[Start of Attachment]

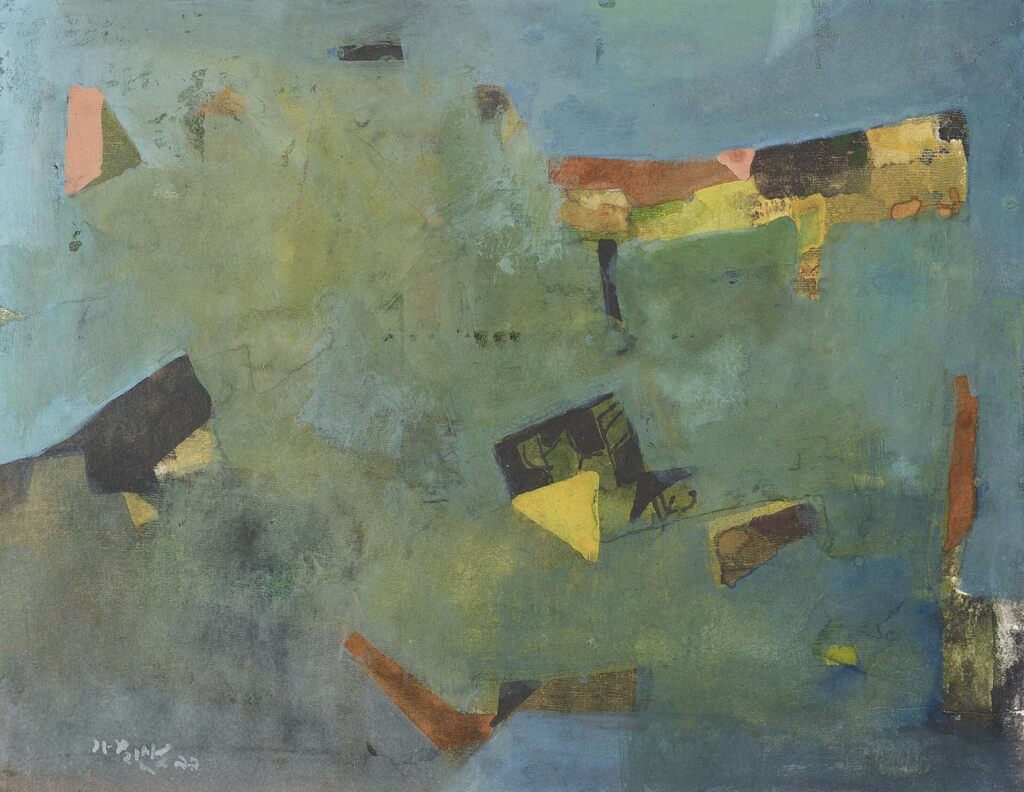 Untitled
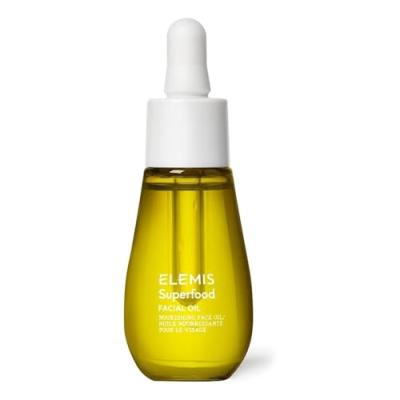 ELEMIS Superfood Face Elixir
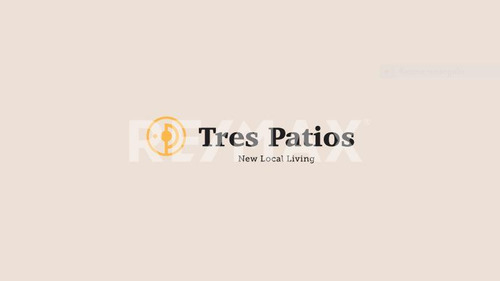 Dep Torre 2 N2 04 3 Rec 2 Baños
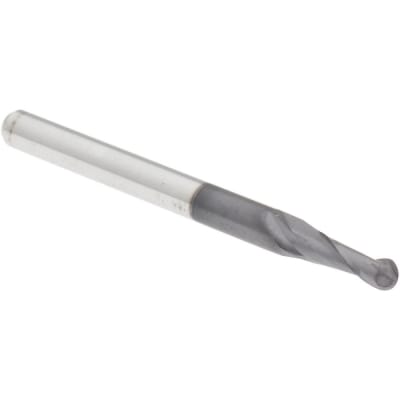 ACCUPRO 29769106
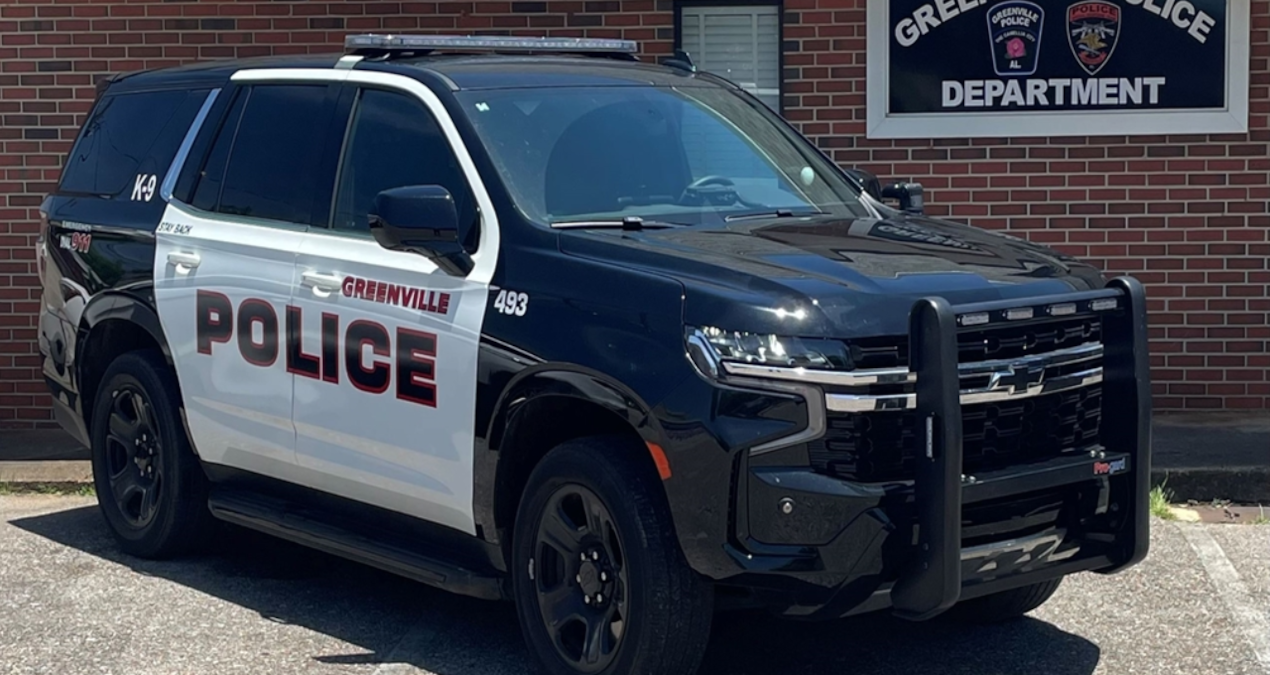 ABD’de silahlı çatışma: 2 ölü, 12 yaralı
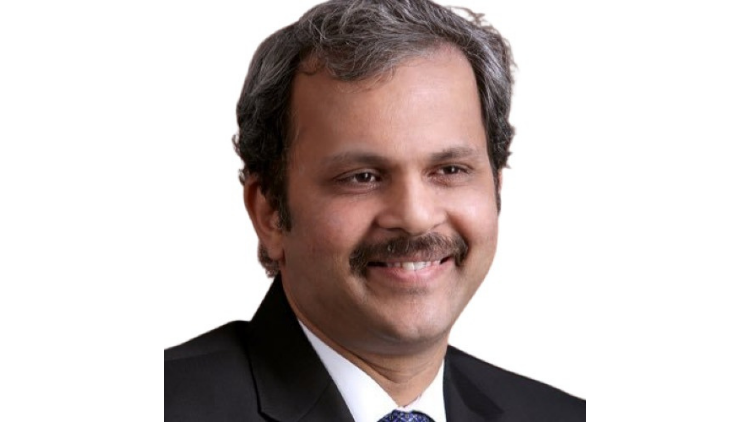 yogesh-patgaonkar-joins-persistent-systems-as-chief-people-officer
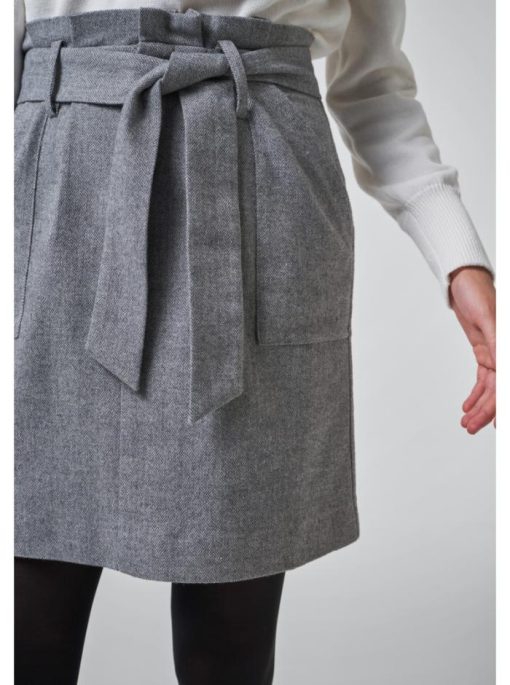 Concertchic.shop072fc4656e 2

[End of Attachment]

EXERCISE → No pictures go in the copy. Retype exactly the lines from the one with "ACCUPRO 29769106" through the last line of the entries above, both included, and nothing more.

TASK RESPONSE →
 ACCUPRO 29769106
 ABD’de silahlı çatışma: 2 ölü, 12 yaralı
 yogesh-patgaonkar-joins-persistent-systems-as-chief-people-officer
 Concertchic.shop072fc4656e 2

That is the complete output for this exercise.